Dataset entries:
>>>>>
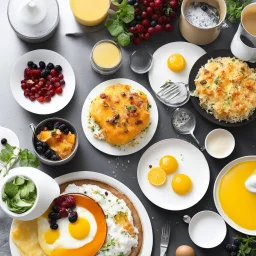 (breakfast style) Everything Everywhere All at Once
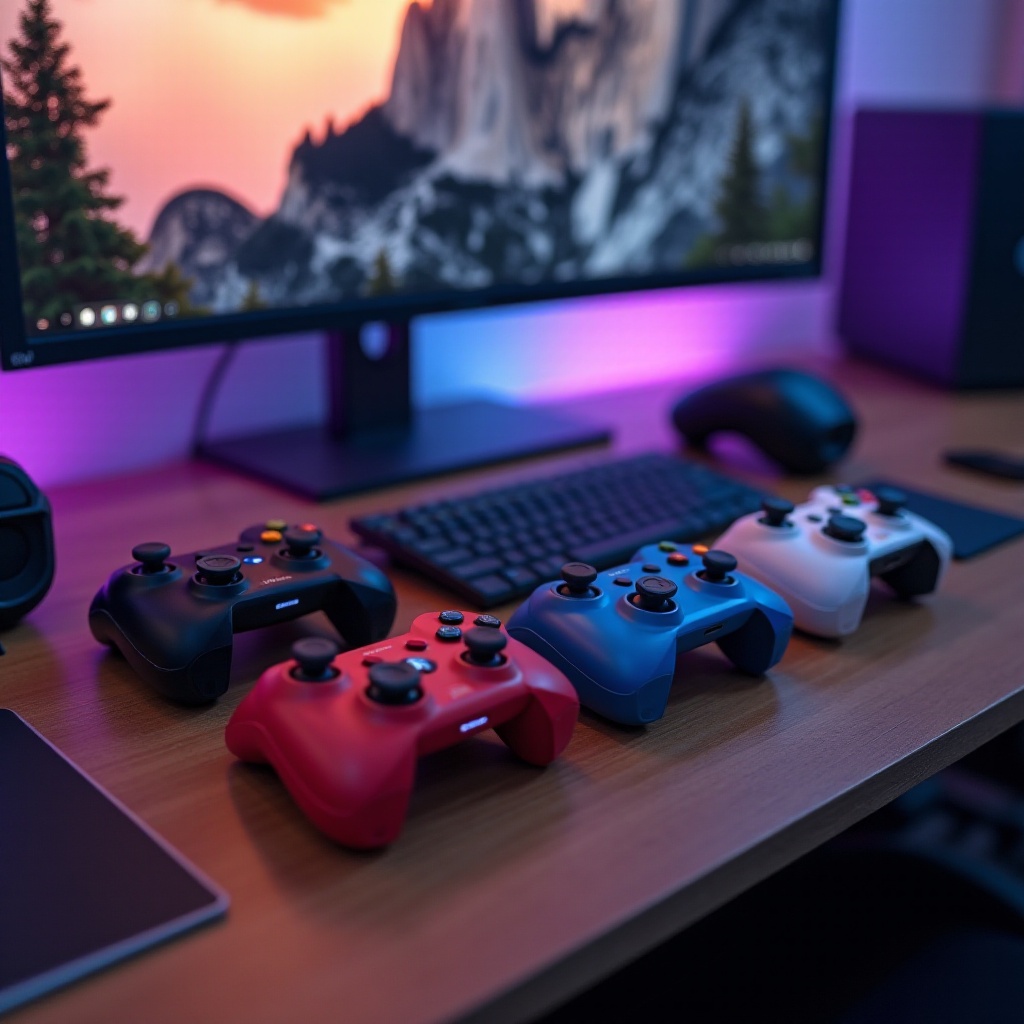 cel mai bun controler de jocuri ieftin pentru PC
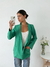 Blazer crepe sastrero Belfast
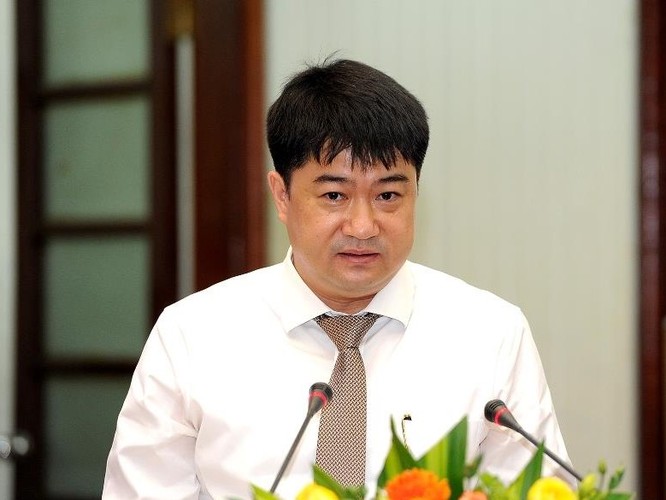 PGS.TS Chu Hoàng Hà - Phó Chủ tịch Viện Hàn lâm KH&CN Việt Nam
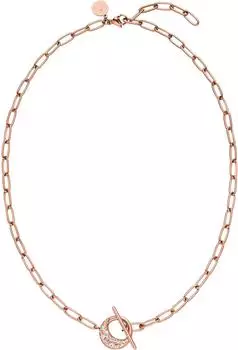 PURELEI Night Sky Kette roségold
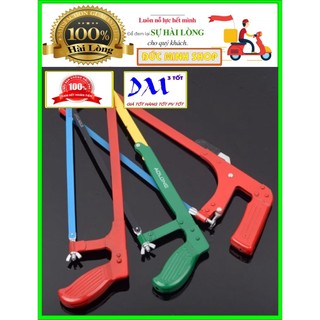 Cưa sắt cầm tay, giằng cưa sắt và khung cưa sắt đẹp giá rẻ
<<<<<
>>>>>
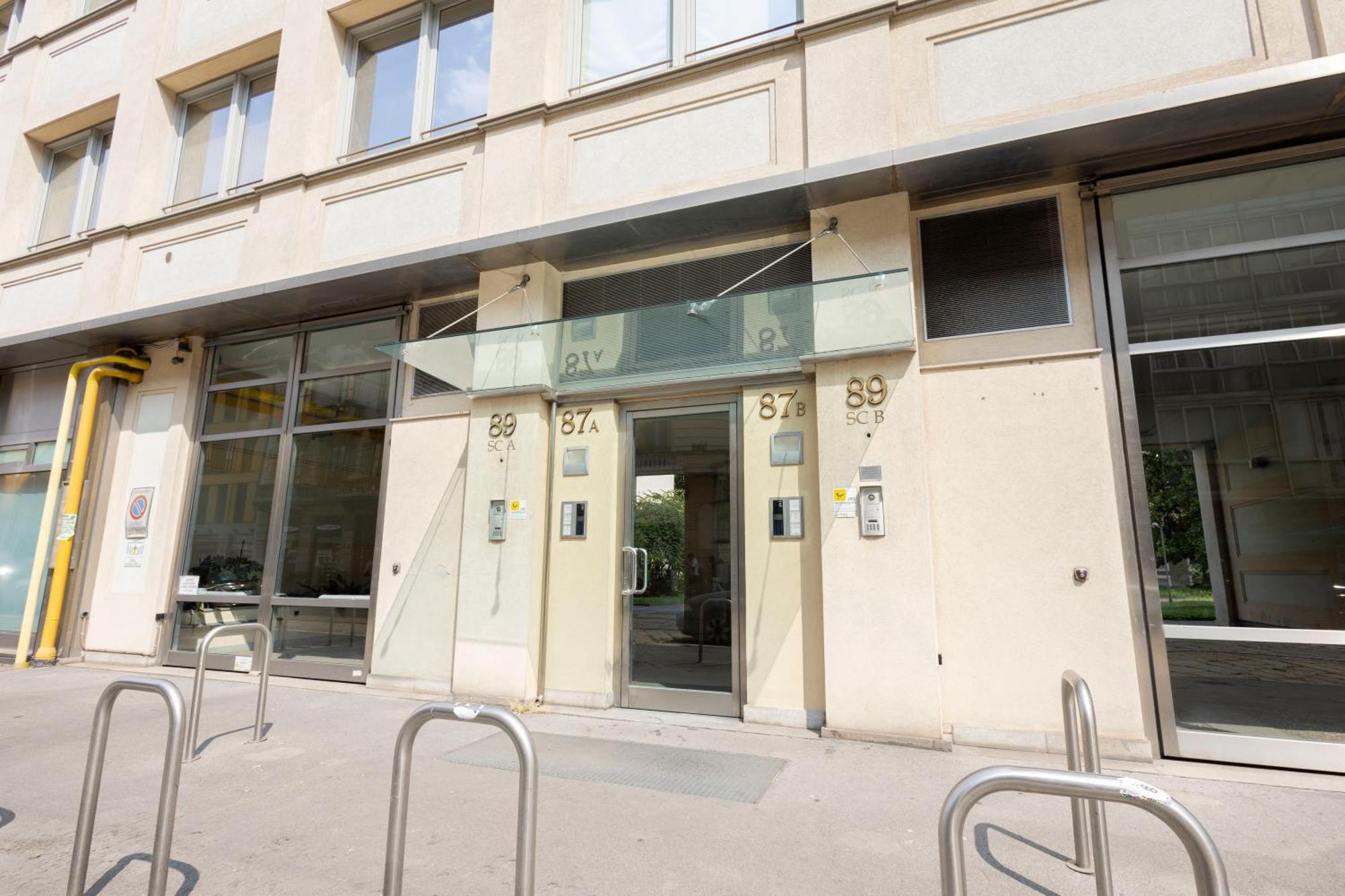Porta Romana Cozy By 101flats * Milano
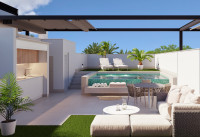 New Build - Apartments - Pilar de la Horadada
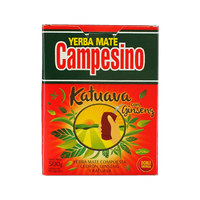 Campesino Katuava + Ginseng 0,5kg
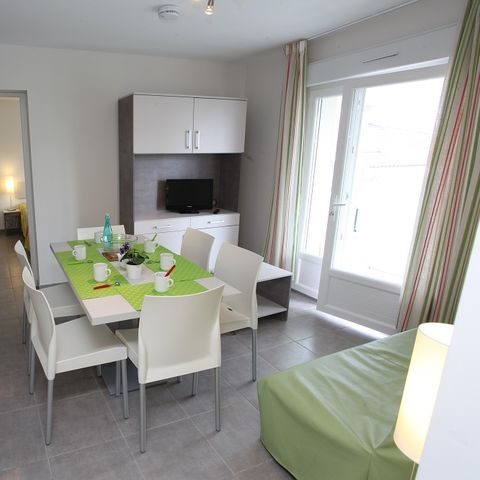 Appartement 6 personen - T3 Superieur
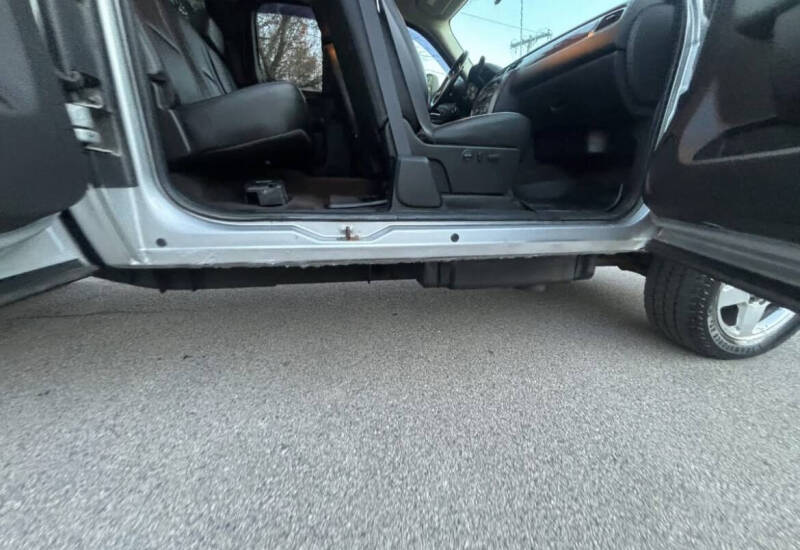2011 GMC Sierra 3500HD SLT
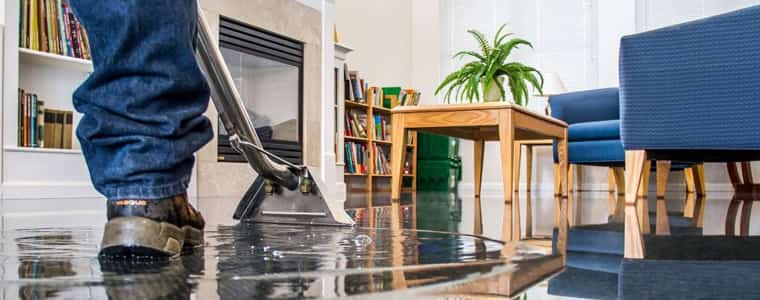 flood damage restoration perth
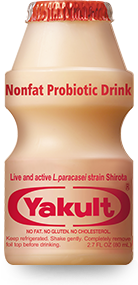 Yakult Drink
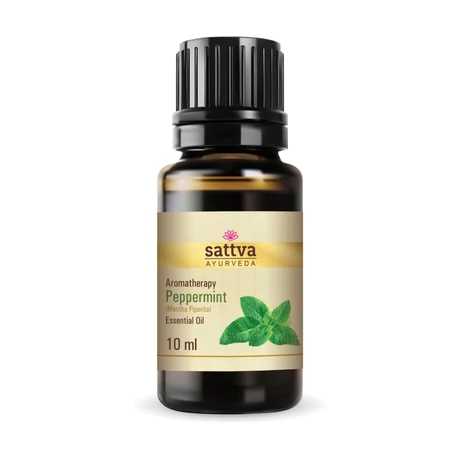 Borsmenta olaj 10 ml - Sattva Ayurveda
<<<<<
**Instructions for the task:** In the entries above, every line from the line with "flood damage restoration perth" to the line with "Borsmenta olaj 10 ml - Sattva Ayurveda" is to be printed exactly, with both ends included and pictures excluded.

**Task result:**
 flood damage restoration perth
 Yakult Drink
 Borsmenta olaj 10 ml - Sattva Ayurveda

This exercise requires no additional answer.